When I moved back into my dorm (a good while after he's been acting/feeling strange) I sent up my divided 5 gal with the boys. They both seemed to enjoy the space, especially Alle!
...But Maccies grew unwell again. He was constrantly hunting for Alle (Alle not so much), stressing himself out, not eating because he could see Alle, etc. Even when he couldnt see Alle (through a doubled up divider), he was still freaking himself out 
I noticed his scales were a bit raised and took him out of the tank and into a 1.5gal QT to see if he'd improve. He did. Like CRAZY. He was his old derpy self again 
...But when I put him back with Alle...
Right back to being stressed and unwell :c
I decided it wasnt fair to Maccies to have him in a place he couldnt fully enjoy his life in. My friend down the hall absolutley fell in love with him, so I decided to let her care for him (shes exstatic!) She's had bettas before and has me as well, so I know hes in good hands.
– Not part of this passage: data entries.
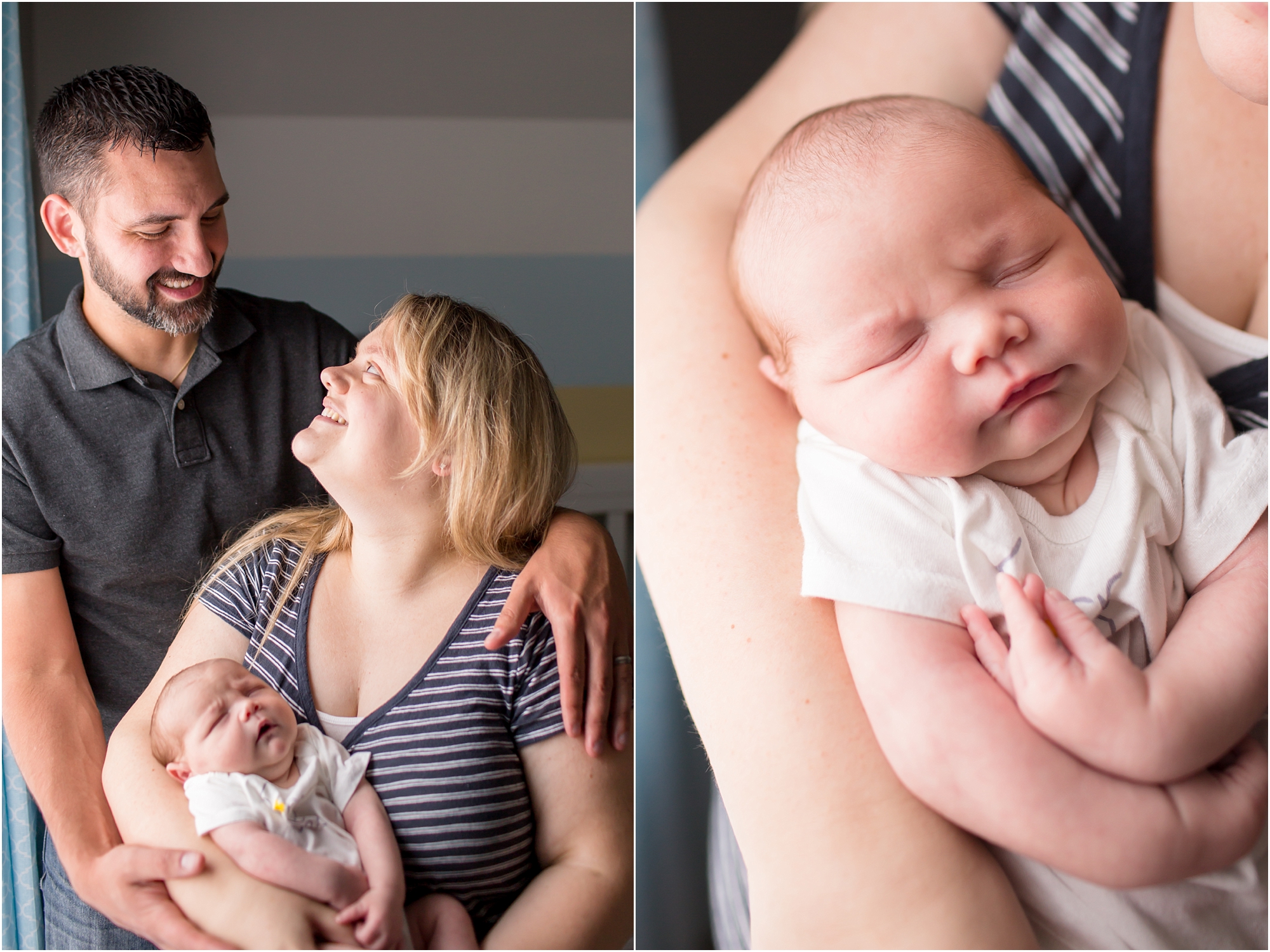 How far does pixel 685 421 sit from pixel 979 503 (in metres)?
0.37

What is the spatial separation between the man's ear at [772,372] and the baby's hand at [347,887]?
Result: 0.76m

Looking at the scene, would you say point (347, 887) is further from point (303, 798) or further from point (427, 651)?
point (427, 651)

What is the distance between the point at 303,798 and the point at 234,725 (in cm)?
11

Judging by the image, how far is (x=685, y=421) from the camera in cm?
111

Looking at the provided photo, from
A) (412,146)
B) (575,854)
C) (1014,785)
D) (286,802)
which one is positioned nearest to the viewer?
(1014,785)

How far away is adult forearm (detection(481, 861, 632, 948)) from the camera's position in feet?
3.38

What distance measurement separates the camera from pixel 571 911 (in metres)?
1.06

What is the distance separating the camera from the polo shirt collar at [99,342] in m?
1.06

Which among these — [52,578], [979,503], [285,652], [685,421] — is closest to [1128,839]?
[979,503]

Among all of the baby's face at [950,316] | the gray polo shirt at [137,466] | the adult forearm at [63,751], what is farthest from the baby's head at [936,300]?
the adult forearm at [63,751]

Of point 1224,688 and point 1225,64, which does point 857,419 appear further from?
point 1225,64

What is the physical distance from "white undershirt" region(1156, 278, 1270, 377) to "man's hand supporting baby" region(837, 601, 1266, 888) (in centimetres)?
55

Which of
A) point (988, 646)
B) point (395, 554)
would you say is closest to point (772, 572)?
point (988, 646)

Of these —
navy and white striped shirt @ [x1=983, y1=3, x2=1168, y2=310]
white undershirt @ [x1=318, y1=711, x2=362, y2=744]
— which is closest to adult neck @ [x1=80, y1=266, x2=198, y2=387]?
white undershirt @ [x1=318, y1=711, x2=362, y2=744]
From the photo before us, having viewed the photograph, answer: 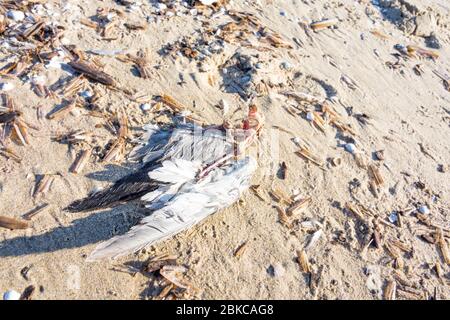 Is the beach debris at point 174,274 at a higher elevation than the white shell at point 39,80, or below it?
below

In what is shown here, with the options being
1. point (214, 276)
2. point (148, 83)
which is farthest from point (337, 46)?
point (214, 276)

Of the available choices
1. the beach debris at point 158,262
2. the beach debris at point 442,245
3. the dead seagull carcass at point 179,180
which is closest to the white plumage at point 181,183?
the dead seagull carcass at point 179,180

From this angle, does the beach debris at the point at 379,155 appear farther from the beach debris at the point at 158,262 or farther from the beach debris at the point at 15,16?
the beach debris at the point at 15,16

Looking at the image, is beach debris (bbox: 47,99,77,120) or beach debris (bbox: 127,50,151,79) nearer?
beach debris (bbox: 47,99,77,120)

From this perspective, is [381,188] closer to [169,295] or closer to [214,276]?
[214,276]

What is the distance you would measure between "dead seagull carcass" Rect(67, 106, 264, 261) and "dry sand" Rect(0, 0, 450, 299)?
0.21 m

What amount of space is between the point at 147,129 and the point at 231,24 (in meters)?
1.92

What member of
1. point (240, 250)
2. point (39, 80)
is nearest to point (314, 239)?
point (240, 250)

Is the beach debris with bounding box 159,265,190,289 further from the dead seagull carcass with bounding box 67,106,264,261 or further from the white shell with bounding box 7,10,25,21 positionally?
the white shell with bounding box 7,10,25,21

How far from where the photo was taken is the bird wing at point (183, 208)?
287 centimetres

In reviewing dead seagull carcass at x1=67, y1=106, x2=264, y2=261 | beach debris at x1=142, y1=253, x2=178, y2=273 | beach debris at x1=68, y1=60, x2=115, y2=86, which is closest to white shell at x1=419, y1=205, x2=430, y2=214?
dead seagull carcass at x1=67, y1=106, x2=264, y2=261

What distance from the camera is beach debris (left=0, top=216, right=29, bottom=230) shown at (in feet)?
10.1

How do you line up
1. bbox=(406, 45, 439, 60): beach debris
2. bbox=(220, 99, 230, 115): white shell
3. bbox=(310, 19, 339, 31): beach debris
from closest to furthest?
bbox=(220, 99, 230, 115): white shell < bbox=(310, 19, 339, 31): beach debris < bbox=(406, 45, 439, 60): beach debris

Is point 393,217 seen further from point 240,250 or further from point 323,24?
point 323,24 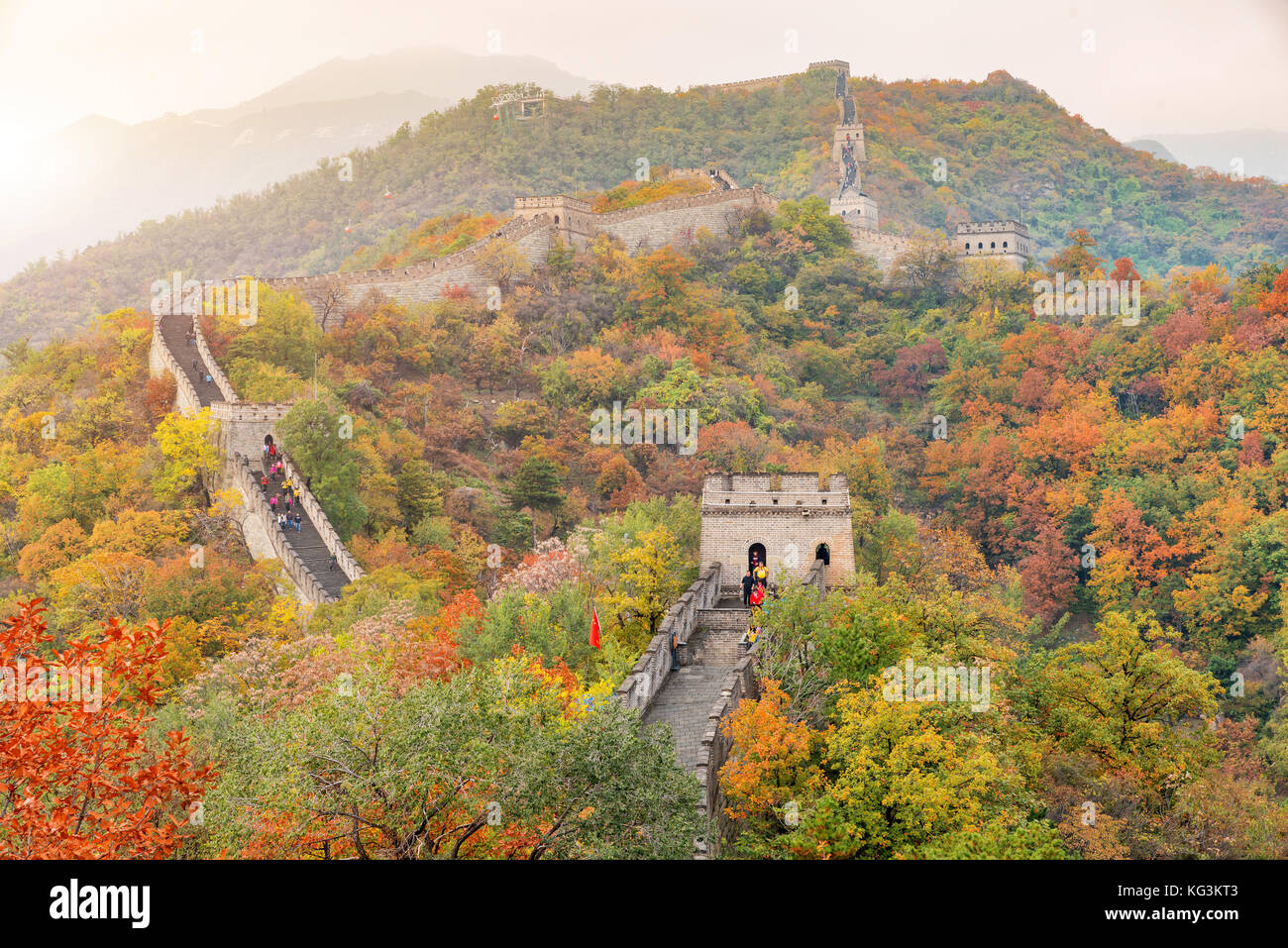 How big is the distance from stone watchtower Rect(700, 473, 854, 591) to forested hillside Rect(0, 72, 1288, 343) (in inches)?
2209

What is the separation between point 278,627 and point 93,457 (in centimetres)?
1166

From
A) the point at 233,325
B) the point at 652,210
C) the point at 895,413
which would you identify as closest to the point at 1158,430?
the point at 895,413

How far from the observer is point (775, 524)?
26531mm

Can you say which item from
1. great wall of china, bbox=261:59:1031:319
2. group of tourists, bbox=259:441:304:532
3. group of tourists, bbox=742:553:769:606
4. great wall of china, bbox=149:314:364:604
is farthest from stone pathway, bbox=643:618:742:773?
great wall of china, bbox=261:59:1031:319

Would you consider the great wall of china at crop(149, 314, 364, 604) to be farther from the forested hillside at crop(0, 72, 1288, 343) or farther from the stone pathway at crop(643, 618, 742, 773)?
the forested hillside at crop(0, 72, 1288, 343)

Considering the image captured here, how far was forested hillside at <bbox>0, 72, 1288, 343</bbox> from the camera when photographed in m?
83.1

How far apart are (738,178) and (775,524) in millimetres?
75453

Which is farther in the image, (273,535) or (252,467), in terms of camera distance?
(252,467)

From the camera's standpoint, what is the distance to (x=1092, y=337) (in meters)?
55.8

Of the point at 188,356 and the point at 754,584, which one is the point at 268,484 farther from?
the point at 754,584

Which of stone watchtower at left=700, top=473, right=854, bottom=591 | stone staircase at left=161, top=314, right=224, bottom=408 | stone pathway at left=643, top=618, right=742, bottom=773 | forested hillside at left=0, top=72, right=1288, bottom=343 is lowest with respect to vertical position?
stone pathway at left=643, top=618, right=742, bottom=773

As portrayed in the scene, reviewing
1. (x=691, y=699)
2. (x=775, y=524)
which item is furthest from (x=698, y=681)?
(x=775, y=524) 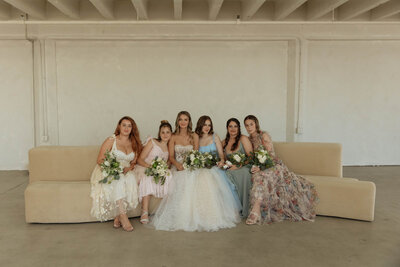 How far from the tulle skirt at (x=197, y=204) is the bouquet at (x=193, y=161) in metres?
0.08

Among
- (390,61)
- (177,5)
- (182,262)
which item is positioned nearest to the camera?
(182,262)

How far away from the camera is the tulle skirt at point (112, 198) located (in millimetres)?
4023

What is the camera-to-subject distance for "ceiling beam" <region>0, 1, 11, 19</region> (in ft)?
22.9

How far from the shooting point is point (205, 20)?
7.38 metres

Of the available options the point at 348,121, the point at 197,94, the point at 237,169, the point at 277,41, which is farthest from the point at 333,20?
the point at 237,169

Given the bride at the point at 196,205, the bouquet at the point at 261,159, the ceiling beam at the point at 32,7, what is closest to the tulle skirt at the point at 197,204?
the bride at the point at 196,205

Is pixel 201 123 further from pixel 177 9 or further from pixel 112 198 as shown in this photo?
pixel 177 9

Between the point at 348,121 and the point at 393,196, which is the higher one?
the point at 348,121

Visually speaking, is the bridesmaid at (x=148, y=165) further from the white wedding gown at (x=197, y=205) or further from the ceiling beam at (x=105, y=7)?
the ceiling beam at (x=105, y=7)

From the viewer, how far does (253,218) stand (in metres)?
Answer: 4.18

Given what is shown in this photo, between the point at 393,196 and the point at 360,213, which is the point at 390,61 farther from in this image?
the point at 360,213

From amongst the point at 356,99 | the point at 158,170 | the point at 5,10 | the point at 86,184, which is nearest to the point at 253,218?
the point at 158,170

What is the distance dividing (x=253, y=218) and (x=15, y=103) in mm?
6282

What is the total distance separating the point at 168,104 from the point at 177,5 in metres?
2.33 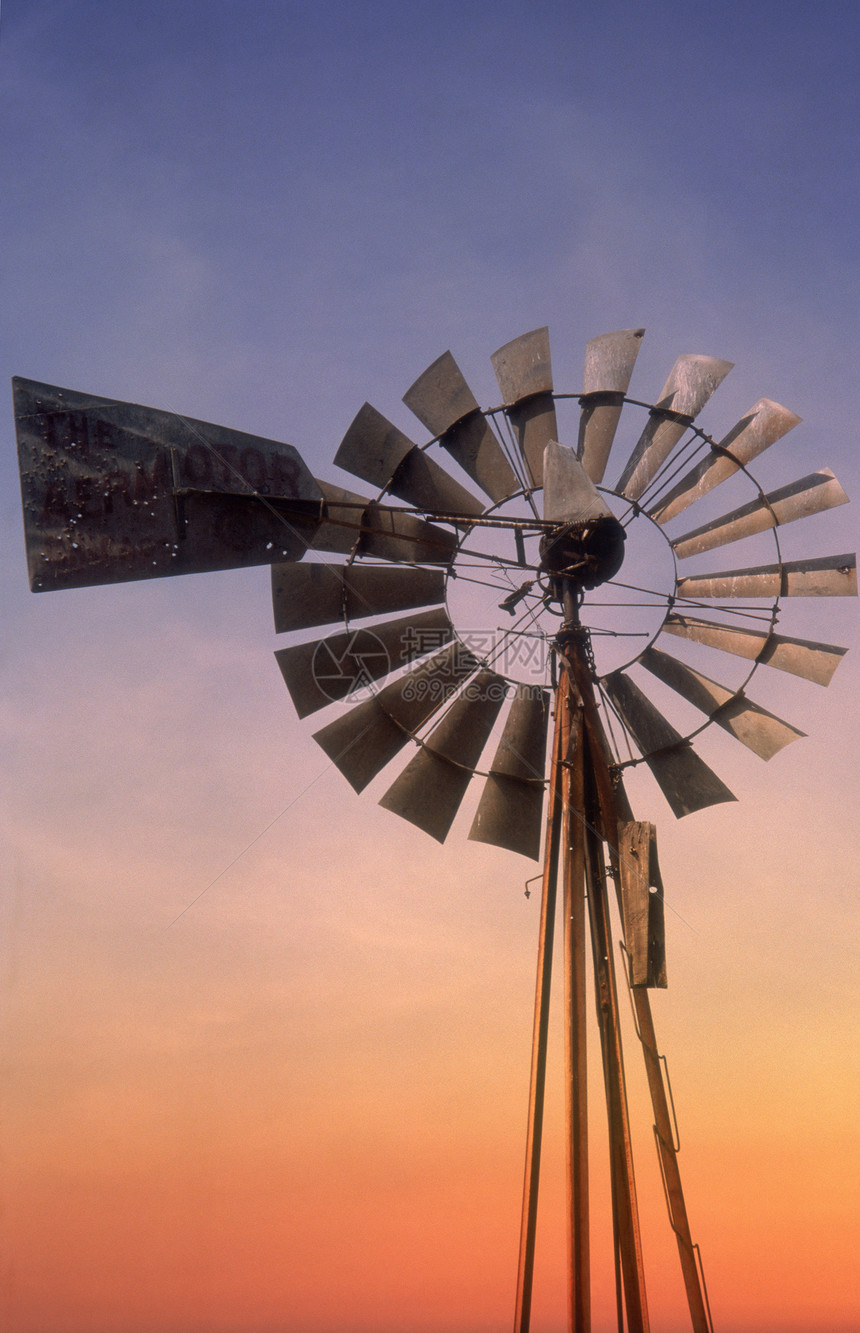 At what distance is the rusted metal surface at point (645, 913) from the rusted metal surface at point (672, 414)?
212cm

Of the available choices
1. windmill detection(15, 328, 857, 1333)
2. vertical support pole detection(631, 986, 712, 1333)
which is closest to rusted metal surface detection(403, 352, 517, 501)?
windmill detection(15, 328, 857, 1333)

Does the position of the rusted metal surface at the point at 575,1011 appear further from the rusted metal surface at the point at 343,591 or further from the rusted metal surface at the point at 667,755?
the rusted metal surface at the point at 343,591

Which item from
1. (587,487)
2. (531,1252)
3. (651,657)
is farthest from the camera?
(651,657)

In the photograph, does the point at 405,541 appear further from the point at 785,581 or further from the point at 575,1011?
the point at 575,1011

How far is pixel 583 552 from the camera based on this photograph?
205 inches

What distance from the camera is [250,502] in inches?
191

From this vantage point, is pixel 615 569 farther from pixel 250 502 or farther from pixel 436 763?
pixel 250 502

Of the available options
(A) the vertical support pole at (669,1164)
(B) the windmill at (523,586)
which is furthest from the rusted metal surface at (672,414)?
(A) the vertical support pole at (669,1164)

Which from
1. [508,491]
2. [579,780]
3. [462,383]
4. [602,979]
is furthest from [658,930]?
[462,383]

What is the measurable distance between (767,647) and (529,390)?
1941mm

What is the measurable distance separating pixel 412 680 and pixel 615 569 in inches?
48.0

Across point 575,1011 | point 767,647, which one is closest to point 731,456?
point 767,647

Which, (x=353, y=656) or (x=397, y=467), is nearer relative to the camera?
(x=353, y=656)

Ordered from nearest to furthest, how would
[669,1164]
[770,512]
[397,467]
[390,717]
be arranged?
1. [669,1164]
2. [390,717]
3. [397,467]
4. [770,512] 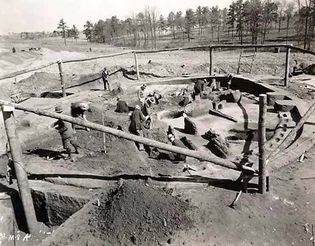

It might be just Maccies, he's always been a little on the frail side :'c It wouldnt be right of me to keep him in a life of constant stress and unsettledness just because I wanted to keep to boys :'c <3 Maybe another time Ill look for another boy, who knows? But not now.


----------



## HayrideHaunter (Dec 20, 2010)

well thats incredibly sweet of you to care so much for him that you're giving him up. I think he will appreciate the stress-free life, and I'm sure he's grateful for all of the care you've given him. You sound like an awesome fish owner =)


----------



## bettalover2033 (Feb 17, 2010)

PewPewPew said:


> Well, when I first got Maccies from Petsmart (one where they do a decent job of tending to their bettas), he seemed alert and happy. After a few days, I began to really really worry something was wrong with him. As the week went on, I grew more and more worried about him, to the point where I was considering bringing him back. Then, he got better.
> When I moved back into my dorm (a good while after he's been acting/feeling strange) I sent up my divided 5 gal with the boys. They both seemed to enjoy the space, especially Alle!
> ...But Maccies grew unwell again. He was constrantly hunting for Alle (Alle not so much), stressing himself out, not eating because he could see Alle, etc. Even when he couldnt see Alle (through a doubled up divider), he was still freaking himself out
> I noticed his scales were a bit raised and took him out of the tank and into a 1.5gal QT to see if he'd improve. He did. Like CRAZY. He was his old derpy self again
> ...


Oh i see, i thought that the betta was going to your friend that was like 5 miles away lol.


----------



## BlueHaven (Jul 17, 2010)

Aww that is really cool and cute!
And that clip of the dog freaked me out...what's with the eyebrows?


----------



## bettalover2033 (Feb 17, 2010)

BlueHaven said:


> Aww that is really cool and cute!
> And that clip of the dog freaked me out...what's with the eyebrows?


i agree and would like to know as well. >.<


----------



## PewPewPew (Nov 26, 2010)

I thought that was hysterical X'D

And nope! Shes down the hall :B

Thankies, HayrideHaunter :3


----------



## ilovebunnies (Oct 11, 2010)

Awwww, that's adorable! You should convince your friend to join the forums, lol.


----------



## bettalover2033 (Feb 17, 2010)

PewPewPew said:


> I thought that was hysterical X'D
> 
> And nope! Shes down the hall :B
> 
> Thankies, HayrideHaunter :3


lol okay


----------



## Marona (Jan 31, 2011)

My petsmart fish is a frail guy, too. He's so shy. :/ I'm hoping he'll associate me with food more as the time goes on.

But it's weird that he seems more energetic when I actually put him next to my more aggressive male in the divided tank.


----------



## Fermin (Apr 18, 2010)

Awww what a great little fish!


----------